He added it conducts, on average, 100 internal investigations a year.

Asked if it is true that Eulex put pressure on a Kosovo reporter not to publish revelations of bribe-taking, he said: “Absolutely not. My staff met with media in good faith”.

The same day in Brussels, an EU spokeswoman, Maja Kocijancic, also said Eulex “leaves no stone unturned” in rooting out corrupt insiders.

She said it has been conducting an “investigation since 2013 into allegations of [the] corruption cases you’ve seen reported in the media”.

Eulex, recently downsized from 2,200 to 1,600 staff, is still the EU’s biggest foreign crisis mission.
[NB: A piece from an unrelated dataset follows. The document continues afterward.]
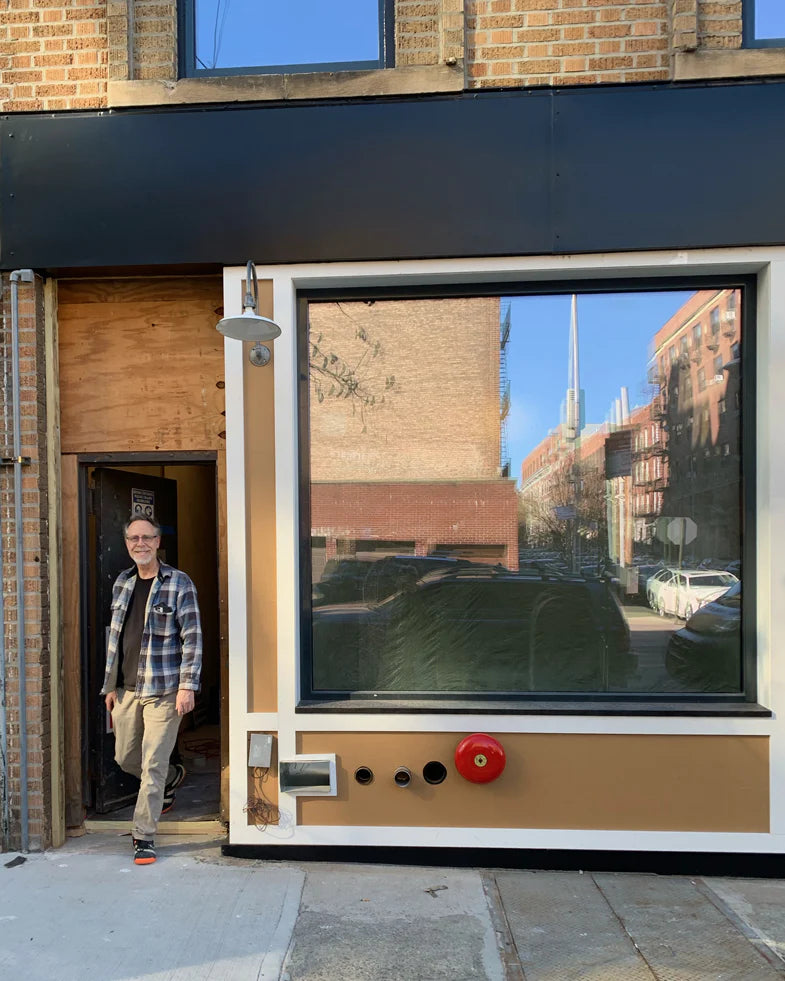 A man in a plaid shirt and glasses stands in the doorway of a building with a facade resembling a vintage camera, featuring a large window as the lens.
The scandal began when Kosovo’s leading daily, Koha Ditore, obtained internal Eulex files indicating that suspects in criminal cases had improper contacts with Eulex officials.

The files also contained letters from a British prosecutor seconded to the EU mission - Maria Bamieh - to her superiors accusing her colleagues of corruption.
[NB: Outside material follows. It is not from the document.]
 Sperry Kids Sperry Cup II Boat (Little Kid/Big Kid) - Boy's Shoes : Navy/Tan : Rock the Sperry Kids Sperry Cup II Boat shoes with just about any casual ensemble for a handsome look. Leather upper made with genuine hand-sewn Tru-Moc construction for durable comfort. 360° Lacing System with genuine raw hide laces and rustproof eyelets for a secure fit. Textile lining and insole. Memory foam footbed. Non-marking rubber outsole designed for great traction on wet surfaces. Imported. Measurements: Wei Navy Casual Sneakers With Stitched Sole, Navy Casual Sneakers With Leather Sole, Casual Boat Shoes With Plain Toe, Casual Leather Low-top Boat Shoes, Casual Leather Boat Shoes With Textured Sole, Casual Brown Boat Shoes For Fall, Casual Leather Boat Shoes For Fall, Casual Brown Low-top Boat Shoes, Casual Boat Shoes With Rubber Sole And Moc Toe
The Bamieh letters said Jaroslava Novotna (Eulex’ chief prosecutor) and Francesco Florit (the former chairman of Eulex’ Assembly of Judges) in 2012 and 2013 had shut down cases in return for money.

They said Florit personally received a €350,000 bribe.
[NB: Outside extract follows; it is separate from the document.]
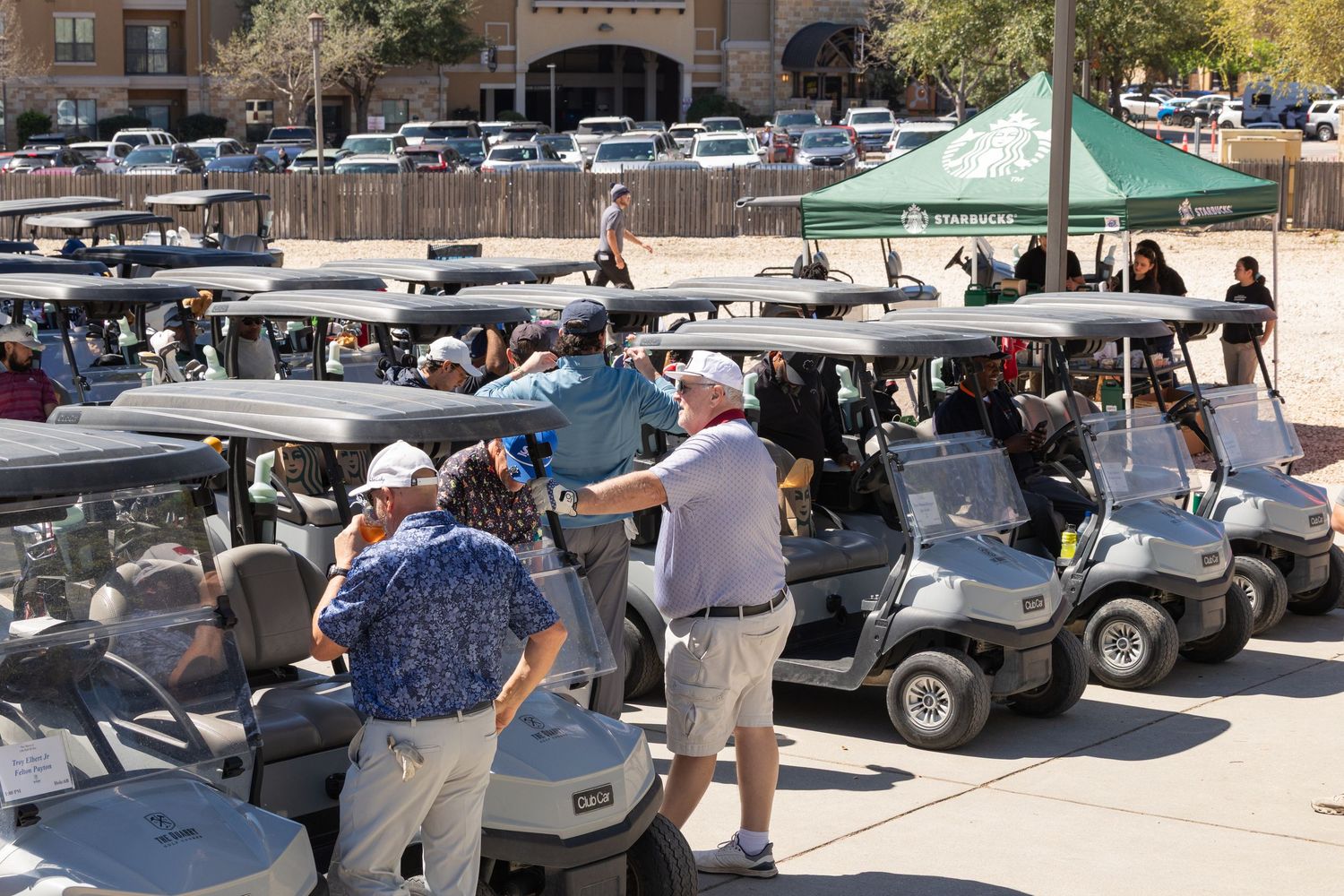 Golfers gather around golf carts at an outdoor charity tournament event on a sunny day.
They also said another senior Eulex official, Jonathan Ratel, was blocking internal Eulex probes into the issue.

For his part, Agron Bajrami, Koha Ditore’s editor-in-chief, told EUobserver that Meucci was not telling the truth when he said on Thursday that his staff “met with media in good faith”.

Bajrami said that a Koha Ditore reporter, Vehbi Kajtazi, had contacted Eulex for a comment prior to publishing a story on the leaked files.

Good faith?

“They [Eulex] said they were willing to talk on background. But when he [Kajtazi] went to meet them all they wanted to talk about was how difficult life could become for him … to give him the message that if he published the story, he might face criminal prosecution”.

Koha Ditore ran the story - on Monday - anyway.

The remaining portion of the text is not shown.